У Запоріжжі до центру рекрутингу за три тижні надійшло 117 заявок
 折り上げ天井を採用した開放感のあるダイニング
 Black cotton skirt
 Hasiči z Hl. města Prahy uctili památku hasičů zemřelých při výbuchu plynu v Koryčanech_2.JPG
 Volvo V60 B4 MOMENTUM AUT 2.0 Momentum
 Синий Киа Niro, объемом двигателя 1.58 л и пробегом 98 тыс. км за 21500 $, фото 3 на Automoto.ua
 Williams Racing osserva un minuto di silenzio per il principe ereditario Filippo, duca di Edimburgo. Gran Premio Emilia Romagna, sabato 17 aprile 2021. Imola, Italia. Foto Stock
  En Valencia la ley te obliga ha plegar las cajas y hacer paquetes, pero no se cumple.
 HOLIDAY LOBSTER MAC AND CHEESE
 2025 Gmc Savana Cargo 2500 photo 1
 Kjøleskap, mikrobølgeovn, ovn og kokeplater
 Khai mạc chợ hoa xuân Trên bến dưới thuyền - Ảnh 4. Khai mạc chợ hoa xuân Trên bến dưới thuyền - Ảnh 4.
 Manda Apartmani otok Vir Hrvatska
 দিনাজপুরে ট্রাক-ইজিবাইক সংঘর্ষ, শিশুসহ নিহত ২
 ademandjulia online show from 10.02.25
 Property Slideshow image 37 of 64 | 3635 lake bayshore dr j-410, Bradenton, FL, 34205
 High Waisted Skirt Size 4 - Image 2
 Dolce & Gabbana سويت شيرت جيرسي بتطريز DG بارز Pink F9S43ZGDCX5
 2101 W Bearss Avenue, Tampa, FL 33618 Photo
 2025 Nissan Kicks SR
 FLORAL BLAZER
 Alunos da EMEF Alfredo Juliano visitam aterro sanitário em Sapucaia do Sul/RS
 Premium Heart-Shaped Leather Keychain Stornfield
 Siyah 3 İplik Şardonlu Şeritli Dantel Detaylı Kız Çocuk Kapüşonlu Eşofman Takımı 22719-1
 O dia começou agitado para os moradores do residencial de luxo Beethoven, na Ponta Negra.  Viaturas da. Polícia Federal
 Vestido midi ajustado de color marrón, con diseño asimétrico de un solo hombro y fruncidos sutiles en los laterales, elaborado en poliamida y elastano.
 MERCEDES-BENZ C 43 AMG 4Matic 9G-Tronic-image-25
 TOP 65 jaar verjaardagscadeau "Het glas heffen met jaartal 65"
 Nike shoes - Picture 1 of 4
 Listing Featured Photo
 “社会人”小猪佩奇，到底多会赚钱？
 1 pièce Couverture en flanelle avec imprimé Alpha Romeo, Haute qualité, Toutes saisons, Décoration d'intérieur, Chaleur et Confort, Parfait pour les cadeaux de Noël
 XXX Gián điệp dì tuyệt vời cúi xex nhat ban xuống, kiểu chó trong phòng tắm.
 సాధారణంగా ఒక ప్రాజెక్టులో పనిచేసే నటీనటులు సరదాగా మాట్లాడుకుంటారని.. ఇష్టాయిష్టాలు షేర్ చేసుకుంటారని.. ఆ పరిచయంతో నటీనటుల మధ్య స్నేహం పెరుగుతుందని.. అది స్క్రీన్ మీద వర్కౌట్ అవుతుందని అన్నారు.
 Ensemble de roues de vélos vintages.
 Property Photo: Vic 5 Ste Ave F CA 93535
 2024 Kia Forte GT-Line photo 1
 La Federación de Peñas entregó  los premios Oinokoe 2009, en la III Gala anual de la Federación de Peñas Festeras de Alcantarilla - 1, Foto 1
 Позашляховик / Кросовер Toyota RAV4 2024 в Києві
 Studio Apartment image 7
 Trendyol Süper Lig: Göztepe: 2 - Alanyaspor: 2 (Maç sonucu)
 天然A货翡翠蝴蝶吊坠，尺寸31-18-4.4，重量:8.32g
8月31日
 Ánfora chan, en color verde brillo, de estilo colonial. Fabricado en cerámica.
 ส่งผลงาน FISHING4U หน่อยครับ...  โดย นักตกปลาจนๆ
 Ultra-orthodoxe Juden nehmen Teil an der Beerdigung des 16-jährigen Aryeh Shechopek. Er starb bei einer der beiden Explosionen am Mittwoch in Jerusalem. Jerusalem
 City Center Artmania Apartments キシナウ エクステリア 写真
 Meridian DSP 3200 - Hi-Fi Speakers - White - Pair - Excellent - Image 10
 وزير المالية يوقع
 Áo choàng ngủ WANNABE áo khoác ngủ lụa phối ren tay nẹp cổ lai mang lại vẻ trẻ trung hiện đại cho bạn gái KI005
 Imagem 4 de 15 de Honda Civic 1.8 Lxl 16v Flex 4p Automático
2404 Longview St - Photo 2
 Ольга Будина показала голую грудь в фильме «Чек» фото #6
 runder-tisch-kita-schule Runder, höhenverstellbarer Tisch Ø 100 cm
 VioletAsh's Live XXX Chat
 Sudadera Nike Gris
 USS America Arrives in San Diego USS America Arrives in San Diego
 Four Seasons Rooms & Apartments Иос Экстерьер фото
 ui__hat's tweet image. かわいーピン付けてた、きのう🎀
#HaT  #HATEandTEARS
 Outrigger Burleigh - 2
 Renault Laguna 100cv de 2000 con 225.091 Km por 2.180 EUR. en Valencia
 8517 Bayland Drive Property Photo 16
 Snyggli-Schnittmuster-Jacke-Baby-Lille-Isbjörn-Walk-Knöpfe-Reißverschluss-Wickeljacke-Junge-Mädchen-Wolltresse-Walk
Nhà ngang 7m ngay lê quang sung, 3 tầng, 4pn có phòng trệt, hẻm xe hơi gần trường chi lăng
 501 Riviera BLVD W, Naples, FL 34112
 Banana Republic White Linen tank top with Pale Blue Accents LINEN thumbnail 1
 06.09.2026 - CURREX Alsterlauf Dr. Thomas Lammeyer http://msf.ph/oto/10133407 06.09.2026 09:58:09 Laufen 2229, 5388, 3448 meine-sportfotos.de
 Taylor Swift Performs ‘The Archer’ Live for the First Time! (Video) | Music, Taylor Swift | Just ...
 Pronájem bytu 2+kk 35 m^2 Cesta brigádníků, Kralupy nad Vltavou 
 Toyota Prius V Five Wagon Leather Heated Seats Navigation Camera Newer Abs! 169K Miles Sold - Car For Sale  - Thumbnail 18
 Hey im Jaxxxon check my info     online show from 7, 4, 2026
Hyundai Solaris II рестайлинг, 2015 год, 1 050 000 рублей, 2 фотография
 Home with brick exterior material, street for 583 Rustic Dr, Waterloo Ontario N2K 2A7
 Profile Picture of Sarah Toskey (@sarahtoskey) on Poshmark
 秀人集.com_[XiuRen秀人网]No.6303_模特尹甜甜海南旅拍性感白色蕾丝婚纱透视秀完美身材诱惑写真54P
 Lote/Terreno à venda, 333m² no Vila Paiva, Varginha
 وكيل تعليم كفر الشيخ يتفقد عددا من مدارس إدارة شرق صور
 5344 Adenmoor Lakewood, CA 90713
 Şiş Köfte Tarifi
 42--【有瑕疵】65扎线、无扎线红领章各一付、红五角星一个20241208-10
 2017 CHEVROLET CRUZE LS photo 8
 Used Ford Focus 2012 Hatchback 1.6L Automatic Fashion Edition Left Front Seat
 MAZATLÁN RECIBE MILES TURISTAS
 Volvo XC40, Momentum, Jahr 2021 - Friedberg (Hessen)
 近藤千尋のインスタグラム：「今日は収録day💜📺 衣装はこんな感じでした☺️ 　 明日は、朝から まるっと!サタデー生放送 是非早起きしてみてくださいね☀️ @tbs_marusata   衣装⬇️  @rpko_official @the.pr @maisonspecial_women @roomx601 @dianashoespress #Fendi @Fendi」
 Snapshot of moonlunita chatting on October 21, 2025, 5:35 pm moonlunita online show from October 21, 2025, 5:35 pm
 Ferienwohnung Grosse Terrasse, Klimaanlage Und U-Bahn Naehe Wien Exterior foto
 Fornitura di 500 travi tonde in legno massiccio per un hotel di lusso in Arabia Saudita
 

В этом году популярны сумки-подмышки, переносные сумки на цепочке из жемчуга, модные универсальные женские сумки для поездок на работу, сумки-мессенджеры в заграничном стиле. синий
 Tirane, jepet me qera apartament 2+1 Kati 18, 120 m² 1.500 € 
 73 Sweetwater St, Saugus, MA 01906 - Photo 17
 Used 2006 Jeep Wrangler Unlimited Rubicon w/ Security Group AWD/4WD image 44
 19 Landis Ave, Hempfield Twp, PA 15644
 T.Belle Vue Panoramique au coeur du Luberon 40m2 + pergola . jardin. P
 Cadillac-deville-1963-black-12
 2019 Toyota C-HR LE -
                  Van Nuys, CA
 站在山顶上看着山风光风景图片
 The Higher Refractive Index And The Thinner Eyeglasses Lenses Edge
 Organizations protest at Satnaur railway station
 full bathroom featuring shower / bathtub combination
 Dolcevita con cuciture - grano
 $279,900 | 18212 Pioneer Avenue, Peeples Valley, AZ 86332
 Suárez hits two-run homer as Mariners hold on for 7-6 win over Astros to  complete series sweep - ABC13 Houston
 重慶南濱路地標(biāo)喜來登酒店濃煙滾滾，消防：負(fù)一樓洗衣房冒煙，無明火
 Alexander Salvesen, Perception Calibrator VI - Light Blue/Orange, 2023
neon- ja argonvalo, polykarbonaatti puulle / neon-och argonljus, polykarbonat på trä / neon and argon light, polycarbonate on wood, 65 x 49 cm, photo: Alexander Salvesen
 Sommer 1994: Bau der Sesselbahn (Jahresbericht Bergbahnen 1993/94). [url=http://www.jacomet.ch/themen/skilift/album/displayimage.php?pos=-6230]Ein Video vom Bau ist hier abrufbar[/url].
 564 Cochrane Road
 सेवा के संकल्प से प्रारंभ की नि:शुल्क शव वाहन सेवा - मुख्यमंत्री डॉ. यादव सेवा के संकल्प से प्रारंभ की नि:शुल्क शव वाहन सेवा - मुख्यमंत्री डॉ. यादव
+-------+
§ WHAT THIS TASK INVOLVES
Where does "Video" appear in the records above? Copy each line that holds it.

§ SOLUTION FOR THIS TASK
 Taylor Swift Performs ‘The Archer’ Live for the First Time! (Video) | Music, Taylor Swift | Just ...
 Sommer 1994: Bau der Sesselbahn (Jahresbericht Bergbahnen 1993/94). [url=http://www.jacomet.ch/themen/skilift/album/displayimage.php?pos=-6230]Ein Video vom Bau ist hier abrufbar[/url].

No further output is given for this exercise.